Jane Eyre's Rival: The Real Mrs Rochester
Clair Holland
Kindle Edition/ Paperback
File Size: 203 KB/ISBN: 978-1-907527-00-5
Blue Ocean Publishing; 1 edition (10 July 2011)
Jane Eyre's Rival is a two-into-one sort of book, helpfully separated into chapters with different fonts by the author to help the reader differentiate both sides of the book. The chapters written in a modern sans serif font broach the subject of relationships, initially from a fictional point of view, as thought out by an imaginary American woman named Lisa who is studying at Cambridge and who is a descendant of Bertha Mason. The chapters written in a more classical-looking font are those that concern us, BrontëBlog, the most.
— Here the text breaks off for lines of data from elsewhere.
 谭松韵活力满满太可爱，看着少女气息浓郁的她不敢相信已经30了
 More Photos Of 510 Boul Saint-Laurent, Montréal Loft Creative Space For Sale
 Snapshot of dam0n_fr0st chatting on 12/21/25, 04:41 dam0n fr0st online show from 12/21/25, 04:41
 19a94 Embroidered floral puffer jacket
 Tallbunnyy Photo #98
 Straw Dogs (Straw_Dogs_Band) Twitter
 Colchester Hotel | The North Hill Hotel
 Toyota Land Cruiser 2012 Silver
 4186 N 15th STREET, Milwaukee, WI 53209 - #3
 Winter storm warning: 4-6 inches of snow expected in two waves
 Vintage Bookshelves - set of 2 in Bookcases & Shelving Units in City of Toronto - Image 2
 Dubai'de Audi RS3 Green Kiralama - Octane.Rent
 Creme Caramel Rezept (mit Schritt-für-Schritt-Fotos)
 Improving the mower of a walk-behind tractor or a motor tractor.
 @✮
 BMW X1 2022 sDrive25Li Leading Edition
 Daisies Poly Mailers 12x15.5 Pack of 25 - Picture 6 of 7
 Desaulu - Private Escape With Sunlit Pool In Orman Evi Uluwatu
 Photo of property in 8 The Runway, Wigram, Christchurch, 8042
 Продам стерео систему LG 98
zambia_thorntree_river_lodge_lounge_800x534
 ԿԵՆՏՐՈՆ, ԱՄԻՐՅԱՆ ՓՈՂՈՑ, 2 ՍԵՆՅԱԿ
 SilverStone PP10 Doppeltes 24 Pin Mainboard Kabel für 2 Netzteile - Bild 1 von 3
Of course this isn't the first time that Bertha Mason has sprung off from the pages of Jane Eyre - she most famously did that in Jean Rhys's Wide Sargasso Sea, where she was renamed Antoinette. Wide Sargasso Sea focuses mostly on her life before England (with the exception of the final part of the book where a brief explicit connection with the narrative of Jane Eyre is made) while Clair Holland picks it up from there and tells about her life in England, locked away with Grace Poole as her keeper and renamed, after Bertha, after Antoinette, Louella. A powerful symbol of writers trying to reach the 'actual' woman and not just Charlotte's madwoman in the attic, which she herself came to think of as somewhat unfair(1).

Clair Holland portrays Louella's confinement and eventual hope in the shape of a stable boy(2) while the reader, well-acquainted with Jane Eyre, fills in the voids and finds the chronology of the novel. As Jean Rhys already made clear, Rochester as seen by Bertha/Antoinette/Louella can't be a  likable character for obvious reasons, however, although we do admit to some partiality towards Rochester, we think that Clair Holland's Rochester is a bit over the top:
You dirty whore, I wish you were dead. I rue the day I ever set eyes on you. You bewitched me against my will with your black magic charms all those years ago. But now I will have me a new wife, a slip of a girl so pure and so innocent I will love her for all eternity. If I were more of a man, I would kill you now with my bare hands and be rido of you forever. No, Bertha, you will not thwart me, I will have her. (p.70)
Our perception of Rochester and whether he's saying the truth when he states in Jane Eyre that
my plans would not permit me to remove the maniac elsewhere--though I possess an old house, Ferndean Manor, even more retired and hidden than this, where I could have lodged her safely enough, had not a scruple about the unhealthiness of the situation, in the heart of a wood, made my conscience recoil from the arrangement. Probably those damp walls would soon have eased me of her charge: but to each villain his own vice; and mine is not a tendency to indirect assassination, even of what I most hate. (Chapter XXVII)
is open to interpretation and whether we choose to believe him but the actual facts - that Bertha is indeed sort of looked after - would seem to prove him right, puting him slightly out of character in Clair Holland's story.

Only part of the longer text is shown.